La vista se pierde entre las montañas que se observan hacia el sur del ejido; “todo eso que alcanza a ver y más, es propiedad de César” dicen tristes los integrantes de la familia, pues aseguran que los ballezanos, a través de la presión del exmandatario, les han ido quitado poco a poco sus tierras, tumbando cercos a la fuerza para quedarse con todo.

“¿Hasta dónde puede llegar tanta ambición?” se preguntan los sobrevivientes de Agostadero, quienes calculan que las tierras de Duarte Jáquez oscilan entre las 5 mil hectáreas. “Lo que quería César era sacarnos para quedarse con todo, quería que este ejido fuera su casa, su escape… donde pudiera descansar sin que nadie lo molestara; cuál presa ni qué nada, sólo quería deshacerse de nosotros, pero no pudo” asegura Rafael, hermano de Jesús, quien con paso firme ha luchado por lo que más ama: su familia y su hogar.

A veces los perros siguen ladrando de noche cuando ven pasar camionetas o personas ajenas al lugar; al parecer, aunque César Duarte ya no ronde por aquí, se siente como si su fantasma viniera a molestar a los Segura Cruz, presionándolos a abandonar sus tierras para poder sumar otras 50 hectáreas a las casi 5 mil que ya posee.
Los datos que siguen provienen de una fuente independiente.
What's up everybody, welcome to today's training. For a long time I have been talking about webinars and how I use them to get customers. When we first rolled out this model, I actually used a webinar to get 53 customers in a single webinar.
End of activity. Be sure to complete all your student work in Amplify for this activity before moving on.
Escasos metros son los que se tienen que recorrer desde la casa de la familia para llegar al río, un río que separa los lujos de la necesidad, los excesos de la escasez y la abundancia de la precariedad. A 15 minutos tras cruzar el río, donde los más pequeños tienen prohibido visitar, se encuentra la primera propiedad grande de César Duarte, Rancho Medio, donde hace poco más de 10 años habitaba la familia Segura.

Tres casas de color café, acompañadas de una bodega, se encuentran abandonadas junto con camionetas y corrales vacíos, los cuales, como asegura Jesús, alguna vez tuvieron más de 20 cabezas de ganado.
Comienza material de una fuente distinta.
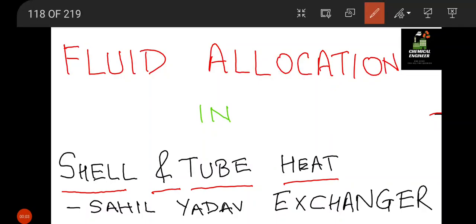Hello everyone, welcome to the channel Chemical Engineer. I am Sahil Yadav, and in this video we are going to see the fluid allocation in shell and tube type heat exchangers. In most industries you will find shell and tube type heat exchangers, as they are very effective in transferring heat and give better heat transfer coefficients. There are two parts: the shell and the tube.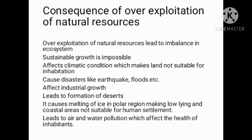Over-exploitation leads to the formation of deserts. It also causes melting of ice in polar regions, making low-lying and coastal areas not suitable for human settlement.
Molinos de agua, paneles solares, pilas, maquinaria y el inicio de la famosa presa en “beneficio de la comunidad”, se encuentran en Rancho Medio, lugar que era habitado por vaqueros del exgobernador. “Aquí seguido se veía al gobernador, claro que no cruzaba todo el terreno feo que hay para llegar, él venía en su helicóptero” comenta Jesús, con un semblante triste al recordar aquellos años.
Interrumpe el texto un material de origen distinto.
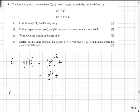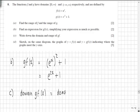For part c, I've left part b available to look at. We know that gf(x) is equal to e^(2x) + 1. The domain of gf(x) is actually going to be the domain of f, so that is equal to [0, ∞).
Un lugar decente y más grande de lo normal, pero nada fuera de los límites, es lo que salta a la mente cuando se observa el lugar. Cualquiera piensa: “Esto con trabajo digno y esfuerzo se puede lograr”. Sin embargo, el camino apenas comenzaba, los pastizales amarillos que bailaban como las olas del mar y los caminos estrechos escondían la propiedad más grande del lugar, un lugar que grita con voz propia “César Duarte Jáquez estuvo aquí”.